- _Task details_: Once the pictures are set aside, transcribe the remaining data exactly.
____ Supplied data
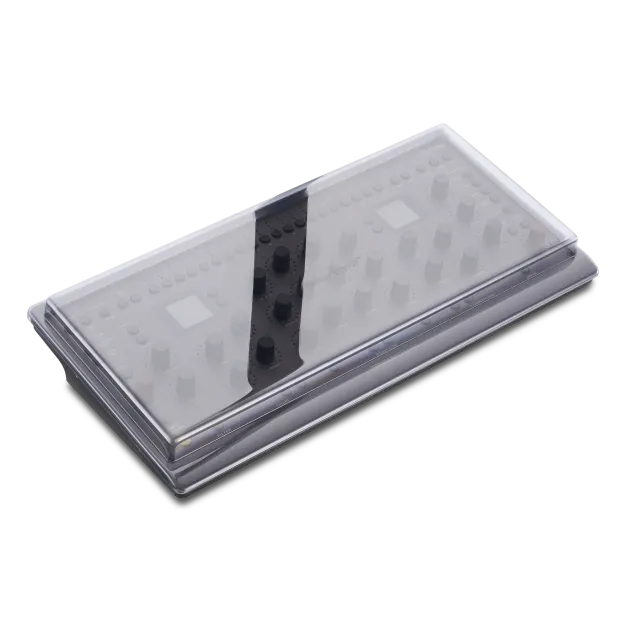Decksaver Softube Console 1 Channel Mk3 Cover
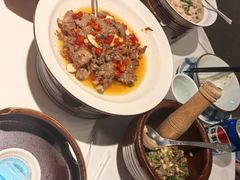 -费大厨辣椒炒肉(黄兴中心广场店)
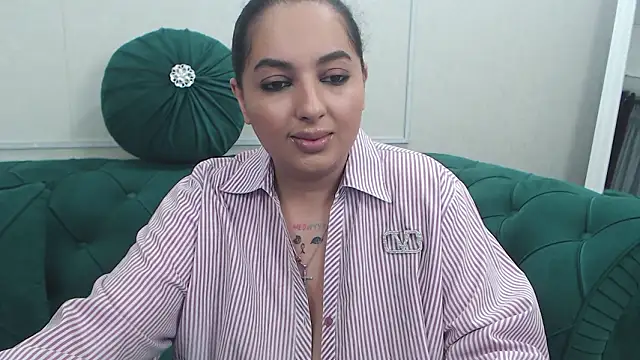 BustyAllyy online show from 03-27-26, 04:07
________
- _Exercise answer_:
Decksaver Softube Console 1 Channel Mk3 Cover
 -费大厨辣椒炒肉(黄兴中心广场店)
 BustyAllyy online show from 03-27-26, 04:07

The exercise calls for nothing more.